“If you’ve ever owned a slave, please raise your hand,” Jeffery Robinson asks a live audience at the beginning of Who We Are: A Chronicle of Racism in America, a searing documentary based on a lecture he’s spent a decade perfecting.
Obviously, nobody in the auditorium raises a hand. This is 2018 New York City! But the few seconds that follow the question are probably the only chance these audience members have to put some distance between themselves and the country’s sorry record of racial oppression. No, explains Robinson, slavery may not be our fault. But it is “our shared history.”
And then Robinson, a longtime criminal defense lawyer and former deputy legal director of the American Civil Liberties Union, launches his harrowing journey through centuries of institutionalized racism. Along the way he points out both the well known (the plantations, the lynchings, the 1921 Tulsa Race Massacre) and the less widely known (the troubling third verse of the Star-Spangled Banner, or the advertised offer by future President Andrew Jackson of US$10 extra for any 100 lashes given his escaped slave). No matter how much you think you already know, you’re bound to learn new things from Who We Are, directed by Emily and Sarah Kunstler. And to be stunned, at some point.
Photo: AP
How did this lecture come about? Robinson explains that he became a father in 2011, when his sister died and her son, then 13, moved in. Suddenly, Robinson needed to teach a Black teen about racism. In educating himself, he was stunned by what he — lucky enough to have a stellar education, including a Harvard law degree — didn’t know himself.

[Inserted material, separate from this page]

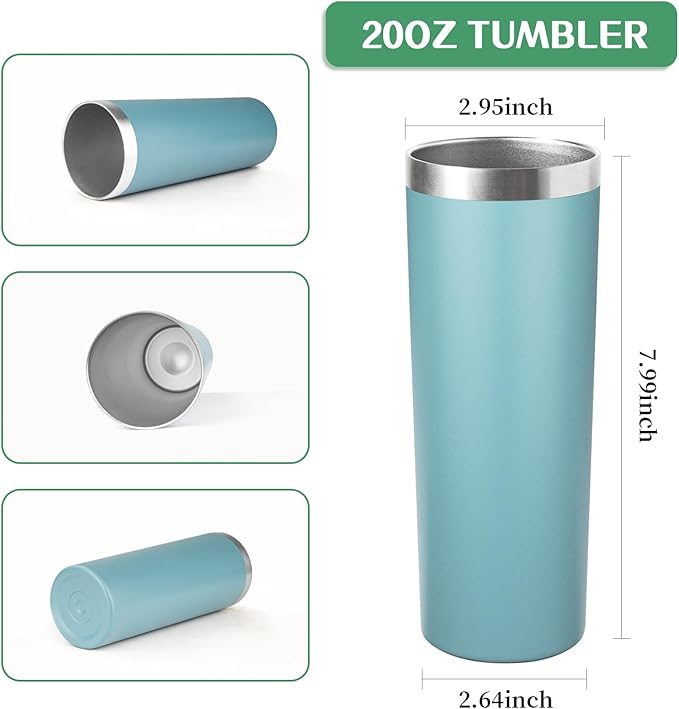 20 oz Skinny Tumblers with Lid and Straw,Stainless Steel Vacuum Insulated Tumbler Cup Double Wall Travel Coffee Mug, Thermal Water Tumbler for Hot and Cold Drinks(Glacier blue,4) - Bloomnest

He began sharing his findings wherever he could — in community centers, churches, conference rooms. The directors, after hearing him speak, suggested a movie. Their resulting film is anchored by a 2018 lecture in New York’s historic Town Hall and filled out with archival footage, photographs and current-day interviews with the likes of 107-year-old Lessie Benningfield Randle, one of the last survivors of the Tulsa massacre, and Gwen Carr, mother of Eric Garner, whose death from a police chokehold became a rallying cry for Black Lives Matter. Robinson also argues briefly with a man holding a Confederate flag, who insists the Civil War had nothing at all to do with slavery.
At a slavery museum in Charleston, South Carolina, Robinson examines two pairs of shackles; one is adult-sized, the other toddler-sized. We also see an oak “hanging tree” — and later, photographs of white Americans standing next to the bodies of Black people who have been lynched, a sight Robinson says was once “normal and accepted” in America.
But despite the many references to painful periods in US history, it’s also the smartly placed sprinklings of Robinson’s own life experience that help personalize the proceedings and give the film its emotional wallop.
A number of these moments take place in Memphis, where Martin Luther King Jr was assassinated but also where Robinson grew up. He travels back to his hometown, where, he tells us, his parents tried to buy a house in a white neighborhood but were turned away, until white friends went and bought it for them. Then, when the family moved in, a neighbor showed up with freshly baked chocolate chip cookies for “the lady of the house” — but turned and left, cookies in hand, when Robinson’s Black mother came to the door.
In another scene, a white high school friend confesses he never told Robinson that they’d all once been denied entry to a basketball game because of Robinson’s race; a pastor intervened, without Robinson ever knowing. Both men are reduced to tears at the story.
Robinson closes on a note of tentative hope. The Black Lives Matter protests united people of all races in American streets, he observes: “The possibility of radical change is in the air.” But he also warns: “The things they’re saying about Black Lives Matter today are the exact same things they said about Martin Luther King in the ’60s.”
If the format of a lecture is inherently limiting, the directors do a superb job of weaving a compelling visual — and emotional — experience. One can only hope they, and Robinson, get the wide audience the film deserves (the documentary is part of a broader educational initiative, the Who We Are Project).
Robinson’s final point is that we’re at another tipping point — just as we were in the late ‘60s. Will we fall back again, he asks?
“Or, will this generation decide to do something different?”
MPAA definition of PG-13: Parents strongly cautioned. Some material may be inappropriate for children under 13.